Records supplied:
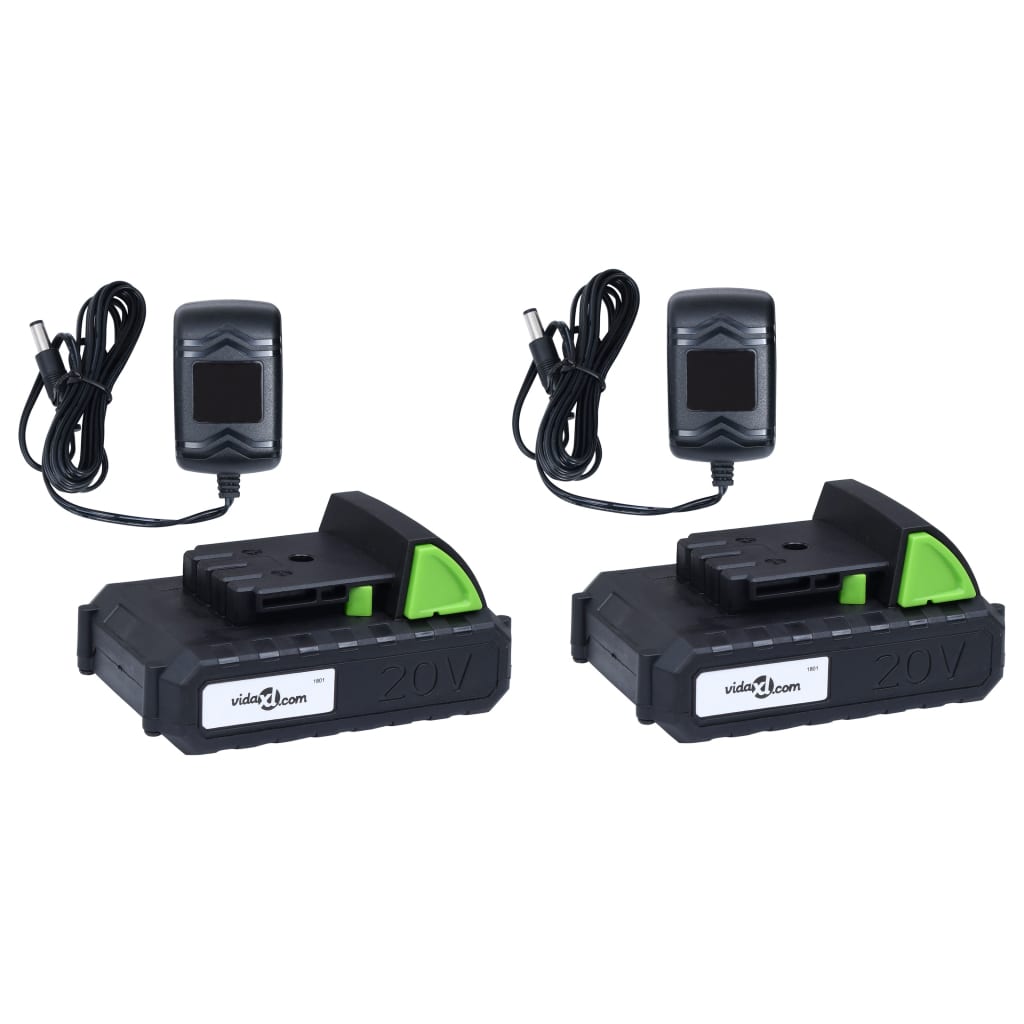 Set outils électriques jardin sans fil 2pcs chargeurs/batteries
* * *
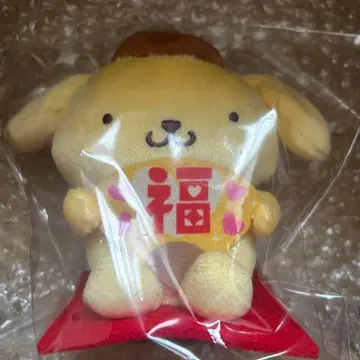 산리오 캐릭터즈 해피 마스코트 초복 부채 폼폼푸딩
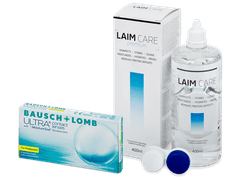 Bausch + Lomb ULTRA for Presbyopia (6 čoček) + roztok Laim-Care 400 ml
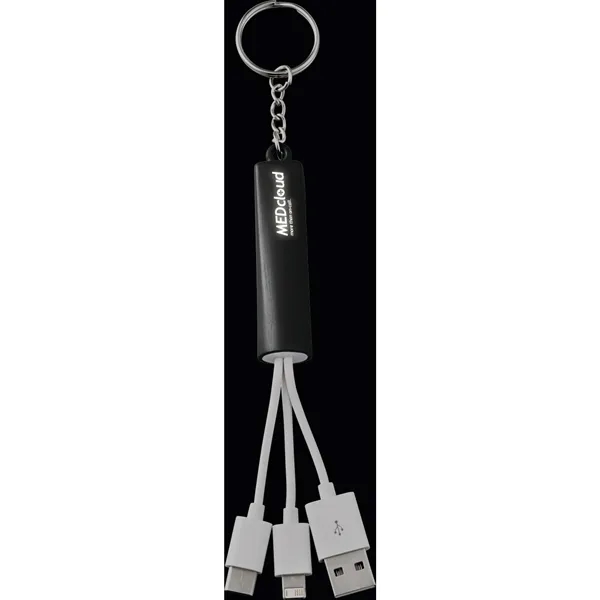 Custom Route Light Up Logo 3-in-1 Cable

Exercise requirements: Transcribe, word for word, the stretch of lines in the data above from the one with "Bausch + Lomb" through the one with "Custom Route Light Up Logo 3-in-1 Cable"; omit all pictures.

Solution for this exercise:
 Bausch + Lomb ULTRA for Presbyopia (6 čoček) + roztok Laim-Care 400 ml
 Custom Route Light Up Logo 3-in-1 Cable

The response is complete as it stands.